You can recognize sentences with:

from pathlib import Path
import rhasspynlu

# Load and parse
intents = rhasspynlu.parse_ini(Path("sentences.ini"))
graph = rhasspynlu.intents_to_graph(intents)

print(rhasspynlu.recognize("turn on living room lamp", graph))

The recognize function returns a list of Recognition objects (or nothing if recognition fails). You can convert these to JSON:

import json

recognitions = rhasspynlu.recognize("turn on living room lamp", graph)
if recognitions:
    recognition_dict = recognitions[0].asdict()
    print(json.dumps(recognition_dict))

You can also pass an intent_filter function to recognize to return True for only the intents you want to include.

Stop Words

You can pass a set of stop_words to recognize:

rhasspynlu.recognize("turn on that living room lamp", graph, stop_words=set(["that"]))

Stop words in the input sentence will be skipped over if they don't match the graph.

Strict Recognition

For faster, but less flexible recognition, set fuzzy to False:

rhasspynlu.recognize("turn on the living room lamp", graph, fuzzy=False)

This is at least twice as fast, but will fail if the sentence is not precisely present in the graph.

Strict recognition also supports stop_words for a little added flexibility.

ARPA Language Models

If you have the Opengrm command-line tools in your PATH, you can use rhasspynlu to generate language models in the ARPA format. These models can be used by speech recognition systems, such as Pocketsphinx, Kaldi, and Julius.

The graph_to_fst and fst_to_arpa functions are used to convert between formats. Calling fst_to_arpa requires the following binaries to be present in your PATH:

• fstcompile (from OpenFST)
• ngramcount
• ngrammake
• ngrammerge
• ngramprint
• ngramread

Example:

...

# Convert to FST
graph_fst = rhasspynlu.graph_to_fst(graph)

# Write FST and symbol text files
graph_fst.write("my_fst.txt", "input_symbols.txt", "output_symbols.txt")

# Compile and convert to ARPA language model
rhasspynlu.fst_to_arpa("my_fst.txt", "input_symbols.txt", "output_symbols.txt", "my_arpa.lm")

You can now use my_arpa.lm in any speech recognizer that accepts ARPA-formatted language models.

Language Model Mixing

If you have an existing language model that you'd like to mix with Rhasspy voice commands, you will first need to convert it to an FST:

rhasspynlu.fst_to_arpa("existing_arpa.lm", "existing_arpa.fst")

Now when you call fst_to_arpa, make sure to provide the base_fst_weight argument.

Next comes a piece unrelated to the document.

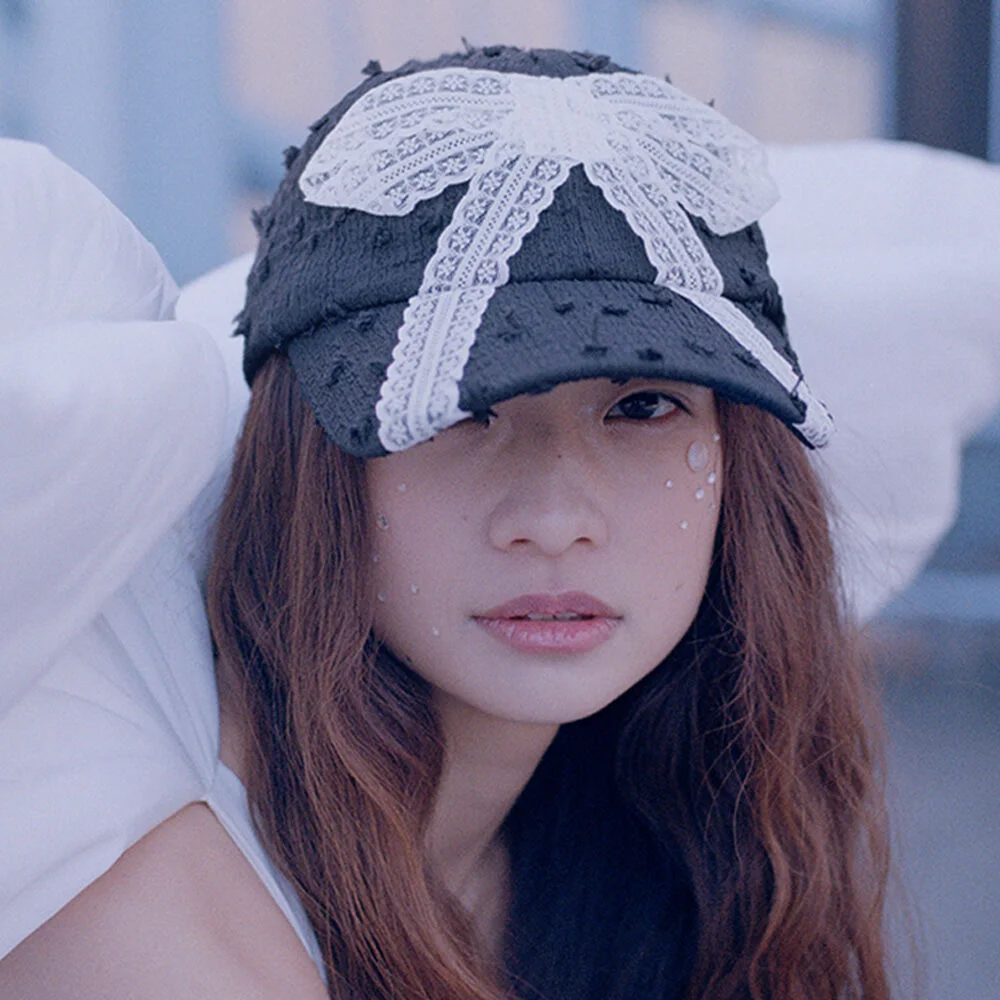 BOW CAP IN LACE BLACK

This is a tuple with the path to your existing ARPA FST and a mixture weight between 0 and 1. A weight of 0.05 means that the base language model will receive 5% of the overall probability mass in the language model. The rest of the mass will be given to your custom voice commands.

Example:

...
rhasspynlu.fst_to_arpa("my_fst.txt", "input_symbols.txt", "output_symbols.txt", "my_arpa.lm", base_fst_weight=("existing_arpa.fst", 0.05))